To prevent this, these rollups must publish state transitions on chain in the form of a blob of data. Blobs have to be verified as downloadable in order to make it on chain (a blob that hides too much information to recover the state difference of the rollup is useless).

Explain what blobs actually are. Link resources!

How do we come to consensus on what blobs are available without each person having to download the entire blob (which reduces scalability- the whole point of Danksharding!)? Data Availability Sampling over peer to peer networks!

Mental Model of Danksharding:

                                 Danksharding
                                  /         \
                                 /           \
                                /             \
                         P2P Networking    Data Availability
                           /      \            Sampling
                          /        \           /      \
                         /          \         /        \
                      WIP           WIP    Erasure    KZG Commitments
                                           Coding

What is Data Availability Sampling?

Data availability sampling allows for independent actors to come to consensus on whether some set of data is available, without requiring any individual to download all of said data. The idea is that if enough nodes/actors can each verify and attest that their subset of samples are available, the network of peers can decide whether a data set (blob) is available to be downloaded, if necessary.

This process is fragile though... (Link Data Availability Problem here)

  1. How can we prevent a bad actor, hosting the blob, from hiding a small piece of data?
    Right now, unless the network of peers collectively check EVERY SINGLE BIT of information, the actor has a chance of hiding/perverting data without the network detecting foul play.

    It is important that the entire blob is available. In blockchain world, if a single bit of information is incorrect or withheld the entire system could be broken. Think: "Alice mints 1,000,000 Eth"

    Erasure coding allows for the entire network to come to consensus on data availability without having to check for each individual piece of the blob. More on this later :)

  2. Ask question insinuating how KZG commitments come into play!

What is erasure coding?

Data <-> Bytes <-> Integers     (:

Erasure coding is the process of extending a data set of m chunks into n chunks, so any m of n chunks can be used to reconstruct the original data set. The technique converts chunks to points [(1, chunk_1), (2, chunk_2) ... (m, chunk_m)] and creates a unique, lowest degree, polynomial that goes through each point via lagrange interpolation. One can then evaluate this polynomial at an arbitrary number of points to extend the data.

If you know ANY m points, you can use those points to reconstruct the entire set of original data.

This is a naive implementation of erasure coding. In order to make this work in real life, we must utilize Fast Fourier transforms to make erasure coding efficient. More on this later...

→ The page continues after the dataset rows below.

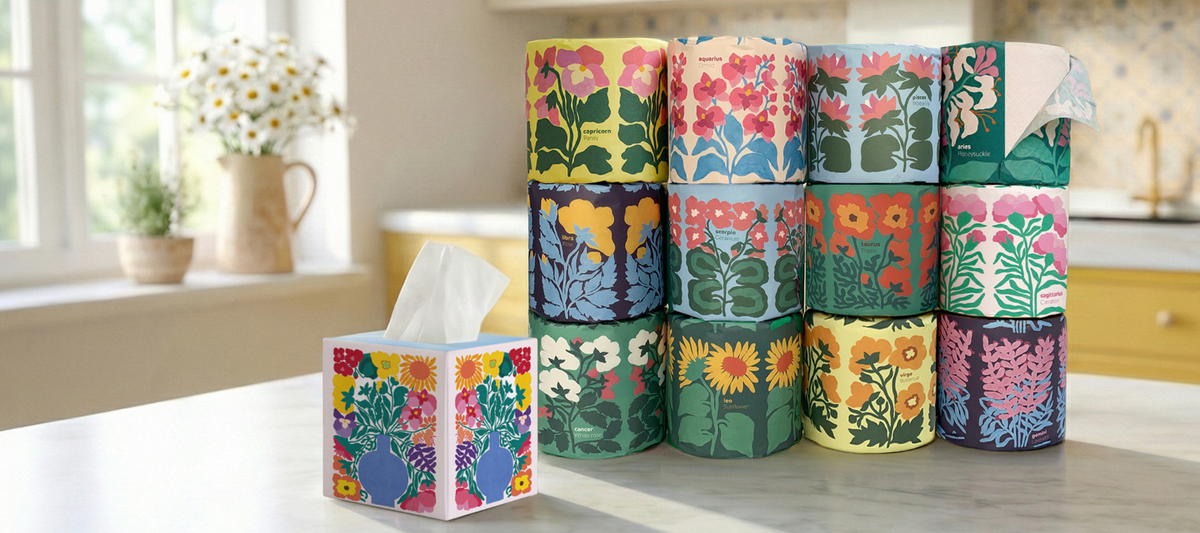 Stack of colorful patterned toilet paper rolls on a kitchen counter.
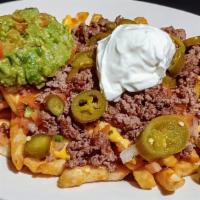 Loaded Fries With Beef Or Chicken · Large plate of golden fries layered with nacho cheese, topped with ground beef or chicken wi...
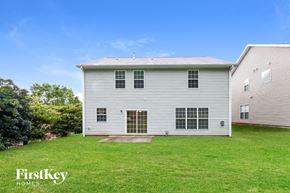 Greensboro house for rent - the back of a white house with a grassy yard and a white barn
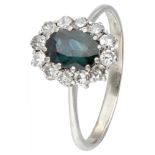 18K. White gold entourage ring set with approx. 0.76 ct. natural sapphire and approx. 0.48 ct. diamo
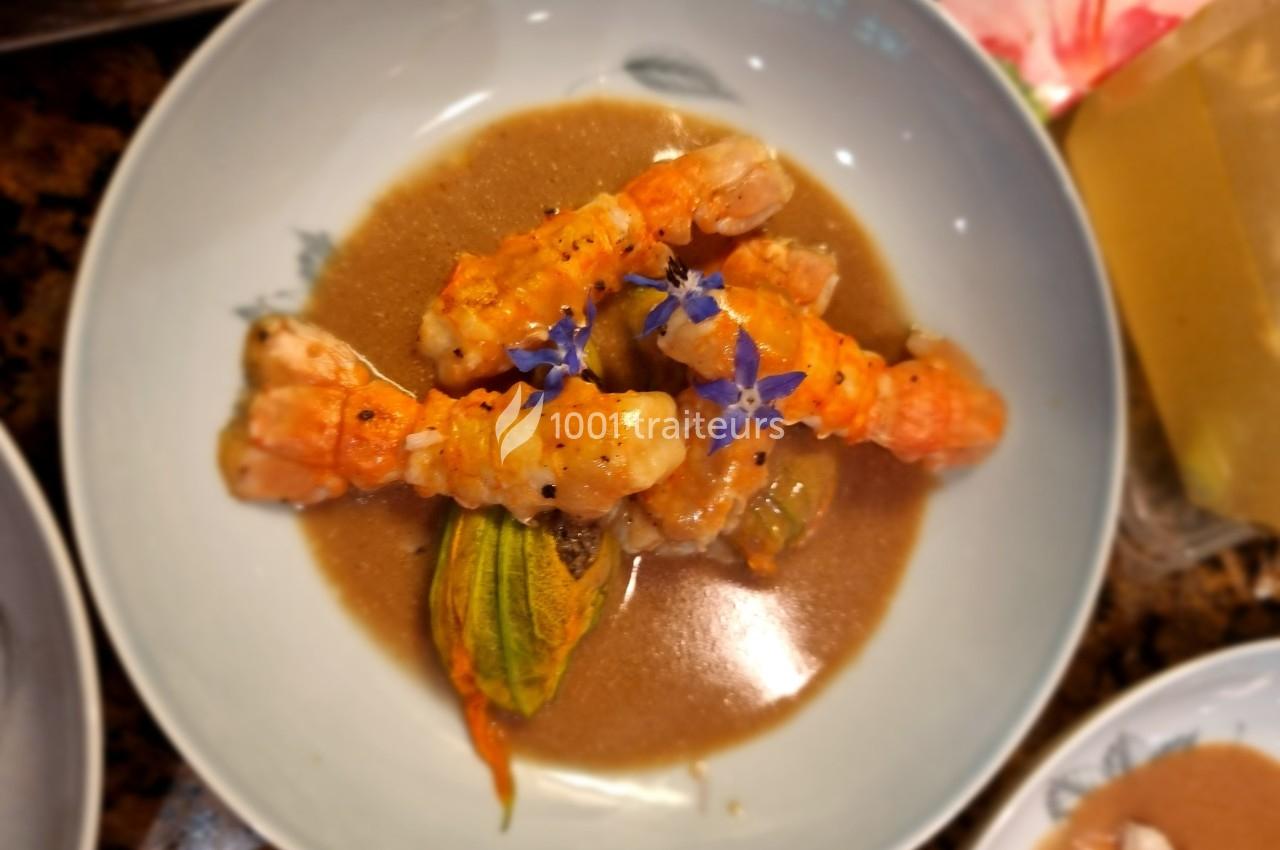 Langoustines servies sur une sauce brune avec une fleur comestible et une fleur de courgette en garniture.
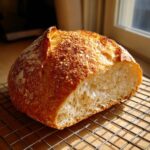 A freshly baked loaf of Italian bread, cut to show the airy interior, resting on a cooling rack.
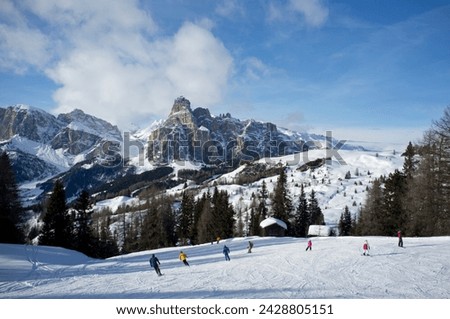Skiers at the alta badia ski resort with sassongher mountain in the distance, dolomites, south tyrol, italy, europe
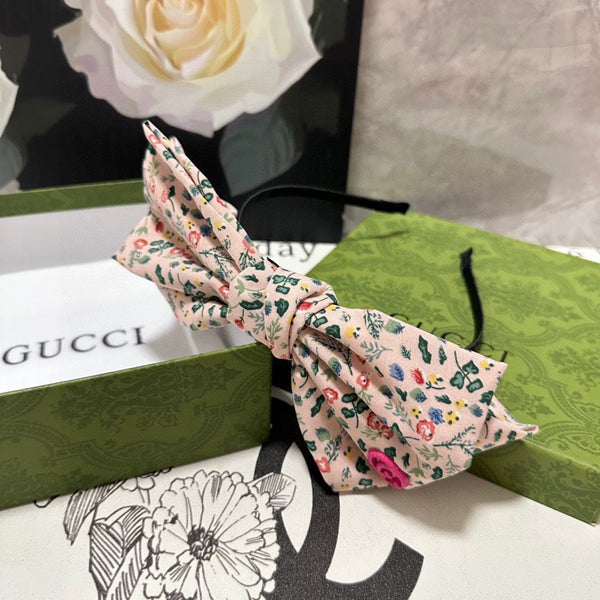 CERCHIETTO IN TESSUTO FLOREALE ROSA CHIARO 385853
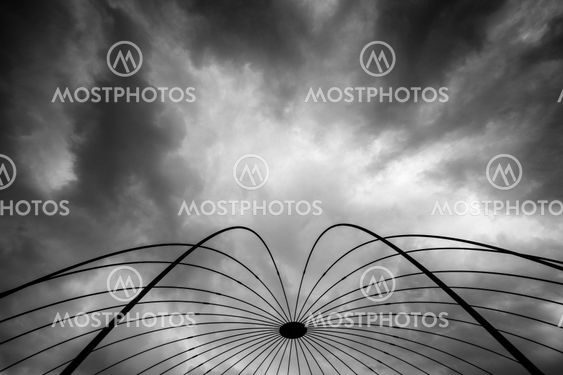 Abstract space lines against dramatic sky.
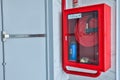 Hydrant with water hoses and fire extinguish equipment. Fire safety equipment in the red box on wall cement Royalty Free Stock Photo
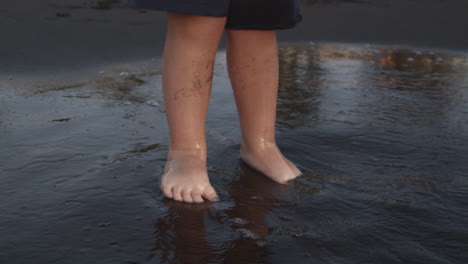 Niño-Pequeño-En-La-Playa-De-Arena-Negra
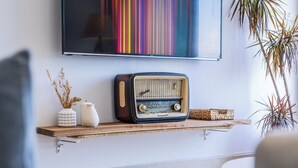 Une vieille radio posée sur une étagère en bois, un vase contenant des plantes séchées et une œuvre d’art colorée à rayures accrochée au mur.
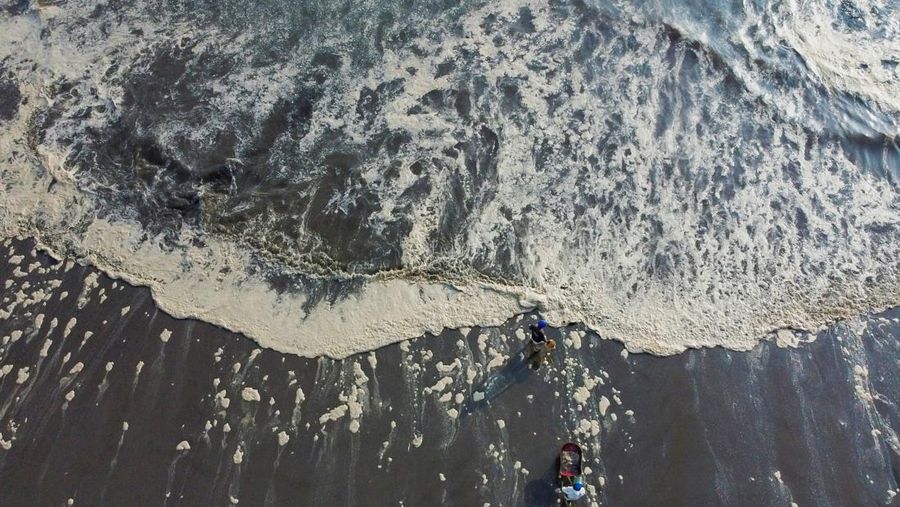 Otoritas setempat dan pekerja kilang La Pampilla, Peru, membersihkan tumpahan minyak di lepas pantai Ventanilla. Tumpahan minyak ini terjadi akibat gelombang tsunami yang dipicu letusan gunung api bawah laut di Tonga. (REUTERS/PILAR OLIVARES)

Let's say we expand the chunks by a factor of 2. ANY 50% of the chunks could be used to reconstruct the original data. Now all of a sudden, if a bad actor wanted to withhold any information, they'd have to withhold over 50% of the data.
So... if a network of peers wanted to check for the availability of a blob (how the network prevents assets/transactions from being frozen) they would be able to verify availability if 50% of different samples were attested.

"It gives us a way to turn 50% availability into 100% availability." -Vitalik

This makes data availability sampling much more robust!

My favorite article explaining the math: https://blog.ethereum.org/2014/08/16/secret-sharing-erasure-coding-guide-aspiring-dropbox-decentralizer/

More detailed explanation of use cases and importance here: https://hackmd.io/@vbuterin/sharding_proposal

What are KZGs?

WIP

How do peers communicate about data availability?

WIP

Project Plan

Start out with lots of assumptions, black boxing complex tasks, then implement functionality/remove assumptions as the project gets implemented further.

There will be benchmarks for the different levels of this project. Each level increases the scope and complexity of the system.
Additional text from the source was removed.